Best wishes to everyone for a peaceful holiday / Christmas and 2012
Take it easy
John


----------



## Airframes (Dec 22, 2011)

Heck! Is it Christmas already?!!
I guess I must have missed Easter then!
All the best to all right thinking, caring, compassionate and loving human beings, wherever they might live.
All the rest can **** off !


----------



## B-17engineer (Dec 22, 2011)

Airframes said:


> Heck! Is it Christmas already?!!
> I guess I must have missed Easter then!
> All the best to all right thinking, caring, compassionate and loving human beings, wherever they might live.
> All the rest can **** off !



I like the way you think...

Merry Christmas guys!


----------



## Aaron Brooks Wolters (Dec 22, 2011)

Merry Christmas and Happy New Year guys and gals!!!!!!!!!!!!!


----------



## vikingBerserker (Dec 22, 2011)

Too all my friends as well!


----------



## paletteone (Dec 23, 2011)

DerAdlerIstGelandet said:


> Merry Christmas to you as well. (Yes I said Christmas...).

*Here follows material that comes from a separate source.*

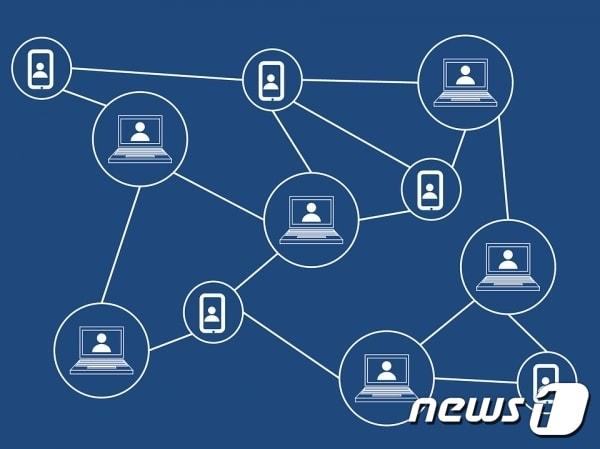 본문 이미지 - 블록체인 일러스트.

Actually I meant to say "Frohe Weihnachten". Ein Prosit


----------



## Geedee (Dec 23, 2011)

To all you guys 'n' gals out there in WW2aircraft.netland, you have a fantastic break doing whatever it is you end up doing. Take time to sit back and chill at least once over the break !!


----------



## DBII (Dec 23, 2011)

Cool poem. Merry Christmas all

DBII


----------



## mikewint (Dec 23, 2011)

Terry, well, never been right thinking in my entire life, caring compassionate well on my best days but a Merry Christmas and a Happy Prosperous New year to everyone


----------



## A4K (Dec 23, 2011)

Boldog Karácsónyt mindenkinek! (Merry Christmas everyone!)


----------



## Gnomey (Dec 24, 2011)

Merry Christmas everyone!


----------



## Wurger (Dec 24, 2011)

Merry Christmas all.


----------



## wheelsup_cavu (Dec 24, 2011)

Merry Christmas to all Yall's. 


Wheels


----------



## Thorlifter (Dec 25, 2011)

Everyone have a safe, happy Christmas


----------



## Tangopilot89 (Dec 25, 2011)

Merry Christmas all you aviation fans, and a prosperous New Year! Stay safe and enjoy.

Andy


----------



## v2 (Dec 25, 2011)

Merry Christmas friends


----------



## ccheese (Dec 25, 2011)

Merry Christmas to all my friends, all over the world !

Charles


----------



## ToughOmbre (Dec 25, 2011)

Merry Christmas to all!

And a happy and safe New Year!

TO


----------



## mikewint (Dec 25, 2011)

Well me, I'm a permanent fixture on Santa's Naughty List but all the rest of you have a very very Merry Christmas and a happy and prosperous New Year. Remember it all ends 12/21/12


----------



## DerAdlerIstGelandet (Dec 26, 2011)

Well just got back from a weekend with the family. Hope everyone's Christmas was a good one.


----------